Use a Multifaceted Approach to Tackle Postacquisition Disputes
Mergers and acquisitions (M&As) sometimes fail to meet the parties’ expectations. Examples of potential sticking points include contractual purchase price adjustments, representations and warranties, earnout provisions, and alleged misrepresentations by the seller. Determining liability and calculating damages in these disputes may involve a combination of business valuation, forensic accounting and economic analysis techniques.
Scrutinize Seller Representations
Some of the most challenging disputes involve “benefit of the bargain” claims. Essentially, this is when the buyer argues that the value of the business is less than what the seller represented it to be.
To illustrate, suppose ABC Co. acquires XYZ Co. for five times earnings before interest, taxes, depreciation and amortization (EBITDA). XYZ’s EBITDA for the 12-month period ending on the closing date is $10 million, so the purchase price is $50 million (5 times $10 million).
After closing, ABC alleges that XYZ’s financial statements contained material misrepresentations under U.S. Generally Accepted Accounting Principles (GAAP).
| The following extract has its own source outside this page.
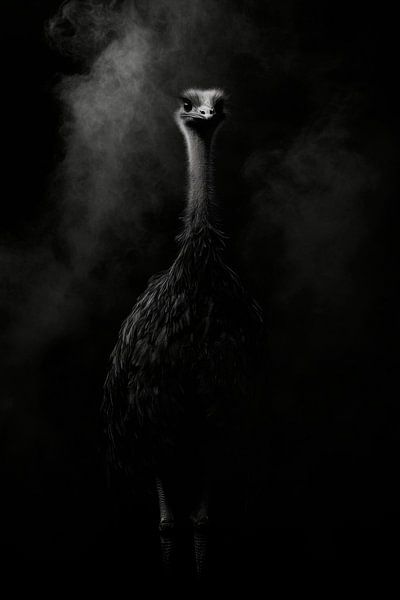 Ostrich by Poster Art Shop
ABC alleges that XYZ overstated its EBITDA by $1.5 million (or 15%). As a result, it bargained for a business worth $50 million but received a business worth only $42.5 million (5 times $8.5 million). If the allegations in this hypothetical example are proven true, it seems clear that the buyer was damaged to the tune of $7.5 million by XYZ’s inaccurate financial statements.
A forensic accountant can serve as an expert on whether the company’s financial statements complied with GAAP. If the statements don’t comply, the expert can also identify where the errors, omissions or manipulation happened — and how they would have affected EBITDA and the purchase price.
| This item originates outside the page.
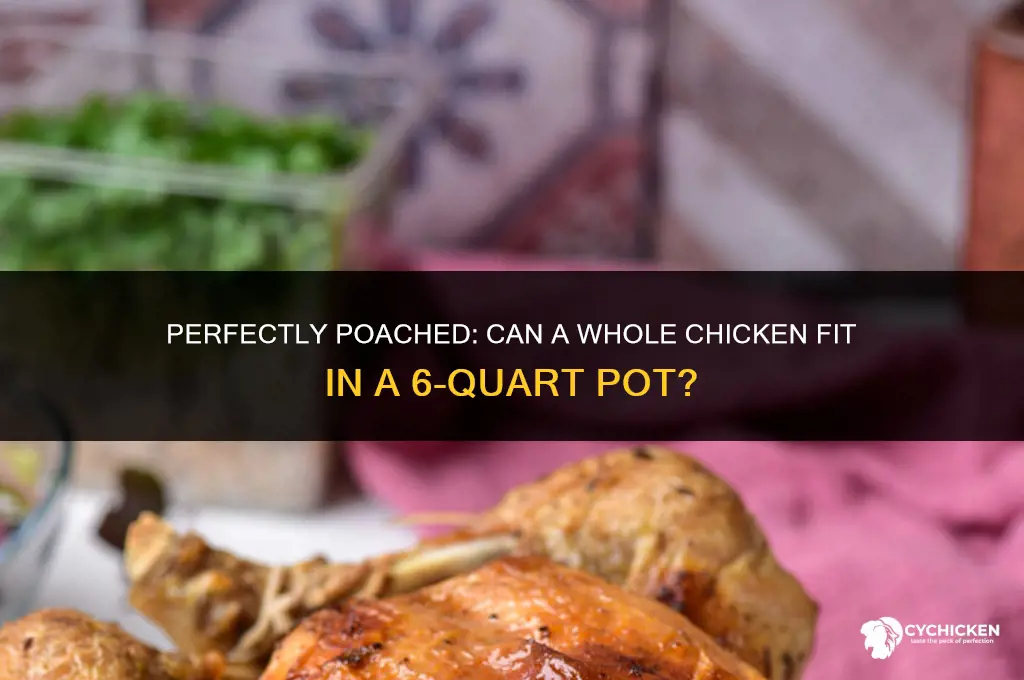 will a whole chicken fit in 6 quart pot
Consider Confounding Factors
Many postacquisition disputes are less clear-cut, however. Suppose, for example, that XYZ’s financial statements are accurate, but it loses a major customer that contributes $1.5 million to the company’s annual EBITDA just before closing and fails to disclose this development to the buyer. On the one hand, ABC might argue that the customer loss reduces the company’s EBITDA to $8.5 million and, therefore, reduces its value to $42.5 million.
On the other hand, XYZ might argue that this type of customer turnover is an ordinary part of its business and, as of the closing date, management was in negotiations with prospective new customers intended to replace the lost revenue. XYZ’s damages expert might present forecasts and other evidence showing that normal customer attrition isn’t expected to hurt the company’s future financial performance or market value.
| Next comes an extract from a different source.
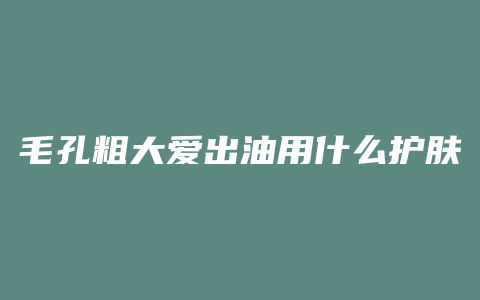 毛孔粗大爱出油用什么护肤品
Often, the company’s actual performance is relevant. If XYZ can show that the company’s postacquisition performance was in line with ABC’s expectations, it’s arguable that the buyer received the benefit of its bargain, despite the loss of a major customer.
Evaluate Causation
Another important issue is causation. Even if XYZ is shown to have made misrepresentations or breached the purchase agreement, it may be able to rebut ABC’s causation arguments with evidence that the diminution in the company’s value was caused by external factors, rather than the alleged wrongdoing by the seller. Examples of outside conditions that may depress a company’s value postacquisition include unanticipated adverse economic conditions, changes in government regulations, new competitors or technology, or the loss of a key employee.
In fact, if XYZ can convince the court that ABC failed to meet its burden of proving causation, ABC may not have a case for damages at all. Such evidence may require analysis and testimony by an industry expert or economist, in addition to the work of a business valuation specialist.
Assemble Your Team
In postacquisition disputes, it’s critical to enlist a team of financial experts to analyze issues of liability, causation and damages. Whether you represent the buyer or the seller, these experts can provide objective, market-based estimates of postacquisition damages.